MAY 17 saw the deadline for BPS 2021 and Stewardship annual claim, and I hope everyone has met the deadline, if not get it done as soon as possible. The 2021 payment will be the first that will be reduced as part of the Agriculture Transition.

The payment received in December 2021 will have a percentage reduction depending on the size of the claim. Members with a payment of less that £30,000 will have a reduction of five percent which is not significant to some but will be felt. Those with claims over £150,000 will see a much greater reduction in their payment.

The one thing that everyone has in common is that by 2024 the BPS payment will be 50% or less than the value received in 2020. This is something that all farm businesses will need to look to address as Defra move to deliver the programmes under the Agriculture Transition Plan.

One of the proposals put forward by Defra was the creation of a lump sum that farmers may be able to access as part of an exit scheme. This was one of the consultations I mentioned when I said we would have a number of consultations coming down the line.

The NFU have raised our frustrations with Defra as their delays have impacts on farm businesses. This is particularly true in the tenanted sector with a number of farmers looking at the exit opportunity and have deadlines they need to hit if they are to serve notice on their tenancies.

The delays are frustrating and kicking the certainty can further down the road, making it harder and harder to make business decisions on farm.

The month of May not only saw local elections it also saw the elections of the Police and Crime Commissioners (PCC) across the region.
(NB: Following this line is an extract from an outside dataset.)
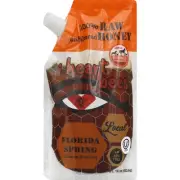 I Heart Bees Honey Orange Blossom 16.0 oz (Pack of 12)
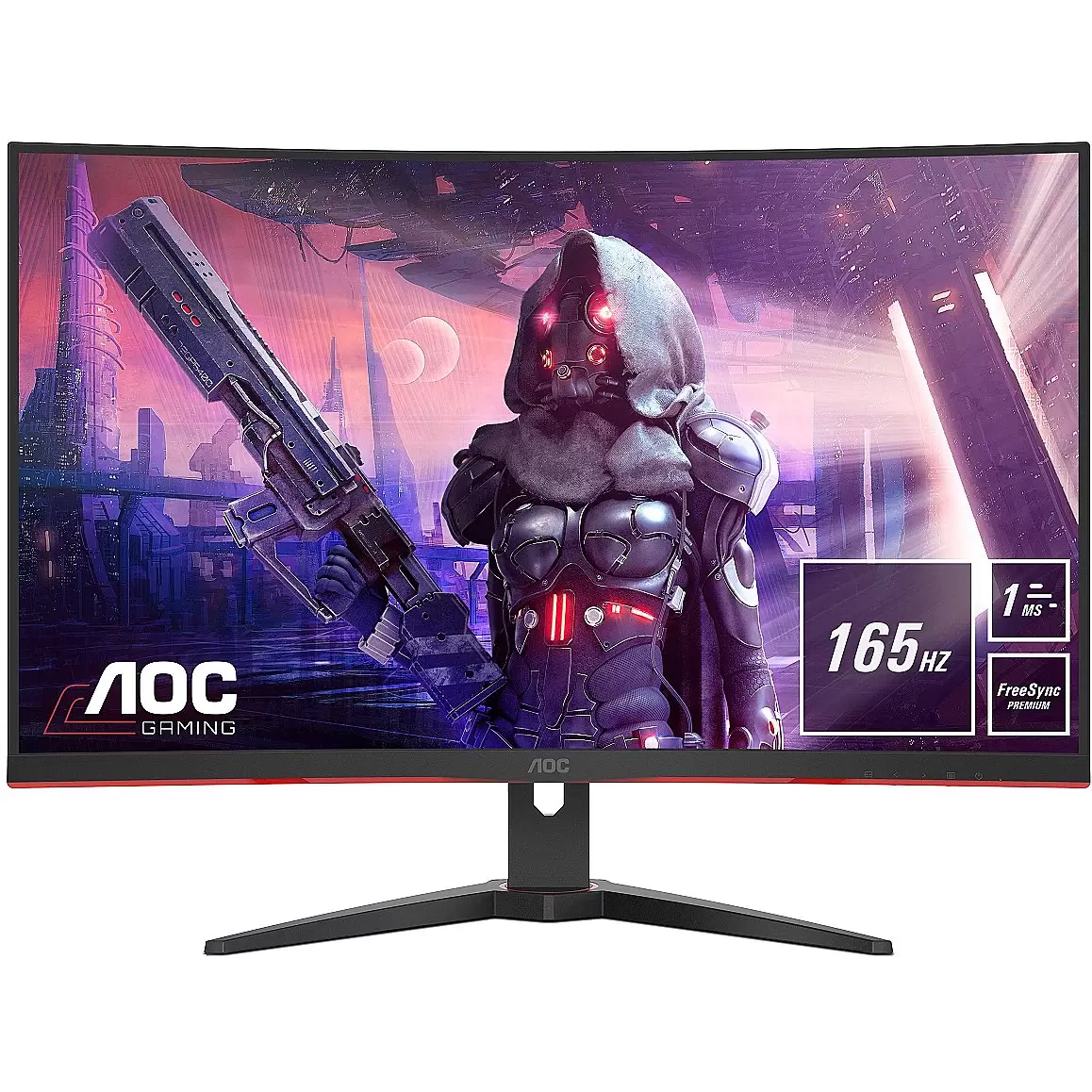 AOC C32G2AE BK 31.5inch Monitor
The team have been in contact with all prospective candidates to champion the issues that farmers face and have done their best to get those issues up the priority lists.

Members continue to be targeted for theft of machinery with quad bikes and GPS units proving ever popular. I urge members to do their best to keep their machinery safe and secure.
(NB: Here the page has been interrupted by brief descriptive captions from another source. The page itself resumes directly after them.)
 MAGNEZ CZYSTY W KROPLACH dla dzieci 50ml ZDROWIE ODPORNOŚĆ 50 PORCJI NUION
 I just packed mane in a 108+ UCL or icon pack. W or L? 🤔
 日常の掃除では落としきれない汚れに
As farmers we must do our best to make it as difficult as possible for criminals to take our kit. If we are doing all we can to keep it secure, then that gives us a much stronger case to request better policing.

It is hard to push the police to do more to stop quad theft when they are not all locked away with the keys taken out. Members are also finding that it is really difficult to replace kit if it is stolen, so the inconvenience is significant. As good as the NFU Mutual may be at paying claims, the dealers just cannot supply the kit.

We will engage with all the successful PCC candidates and do our best to get them out on farm to hear first-hand the issues members face. I am also hoping that the easing of lockdown restrictions on the 17th May will give clear signals that we can start to have meetings again and we can return to some sort of normality.

I know the whole team are keen to be back out and about meeting members.